» **Exercise material**
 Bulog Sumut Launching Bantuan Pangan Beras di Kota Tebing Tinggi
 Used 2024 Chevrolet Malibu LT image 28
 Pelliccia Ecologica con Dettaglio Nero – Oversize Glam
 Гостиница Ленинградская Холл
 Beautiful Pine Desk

» **Assigned task**
In the listing above, find the line with "Гостиница Ленинградская Холл" and set down that line and all after it exactly, through the final line.

» **Response**
 Гостиница Ленинградская Холл
 Beautiful Pine Desk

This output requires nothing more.